Os Modos de Fazer Queijo Minas Artesanal foram reconhecidos como Patrimônio Imaterial pela UnescoNelson de Almeida / Divulgação

O reconhecimento dos Modos de Fazer o Queijo Minas Artesanal como Patrimônio Cultural Imaterial da Humanidade pela Unesco, premiou um dos processos mais tradicionais da culinária de Minas Gerais e do Brasil em uma cerimônia na última quarta-feira (4). Fazendeiros e funcionários do ramo enxergam a medida como uma grande oportunidade para alavancar as vendas e consolidar ainda mais o alimento como parte do dia-a-dia dos brasileiros. À convite da Secretaria de Estado de Cultura e Turismo de Minas Gerais, O DIA viajou a diferentes fazendas do estado para conhecer as particularidades do processo.

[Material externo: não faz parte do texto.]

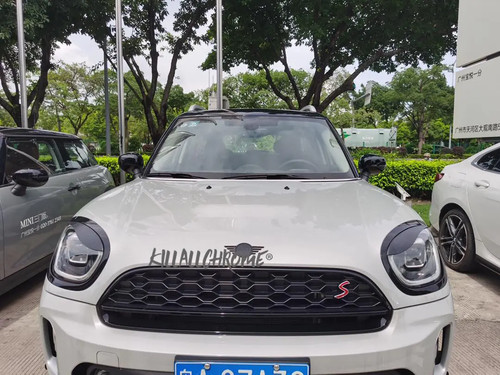 Fits mini f60 angry - eye, covers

Desenvolvida no final século 18, a técnica de produção do laticínio é feita atualmente por cerca de 30 mil produtores, responsáveis por abastecer as mesas de milhões de famílias no país.
A produção do queijo
Os Modos de Fazer o Queijo Minas Artesanal são relativamente semelhantes, com pequenas adaptações relacionadas ao ambiente da fabricação e tradições regionais. A primeira etapa é a ordenha das vacas, um processo normalmente automatizado na qual se obtém o leite cru, característico na produção do alimento.
Em seguida, são adicionados o coalho, retirado do estômago seco de bezerros que têm a função de coagular a massa, e o pingo, parte essencial da comida. Ele é um soro-fermento extraído dos queijos para ser utilizado em produções do dia seguinte e rico em bactérias lácteas, que são benéficas e dão sabor, aroma e textura únicos a cada produto.
Por causa do pingo, caso dois fazendeiros fabriquem o mesmo queijo, de formas idênticas, os sabores serão diferentes. Os seus compostos sofrem influências de fatores como alimentação do gado, altitude e temperatura, que inevitavelmente afetam o gosto final. Alguns fabricantes chamam o ingrediente de "alma do queijo".
Depois de quase 40 minutos, o leite cru, que possui uma consistência pastosa, é depositado em um contêiner e remexido de três a cinco minutos para separar o soro da parte sólida. A massa é deixada em descanso por mais uma hora para depois, os queijeiros a espremerem com as mãos. Então, eles adicionam uma camada de sal ao composto e o colocam em temperatura ambiente por 48 horas, até o retirarem da forma para o acabamento.
Na sequência, o queijo é deixado em salas para a maturação. Nesta etapa, também chamada de cura, as bactérias boas que estão no pingo combatem os microrganismos patogênicos que ainda podem restar no produto, garantindo a sua segurança alimentar e alterando o sabor. O processo pode durar até 40 dias, com um tempo mínimo para cada uma das 10 microrregiões de Minas, separadas através de um decreto de 2002 por diferenças de clima e altitude. O queijo do Serro, por exemplo, precisa maturar por 14 dias. Já na Canastra, são necessários 21 dias.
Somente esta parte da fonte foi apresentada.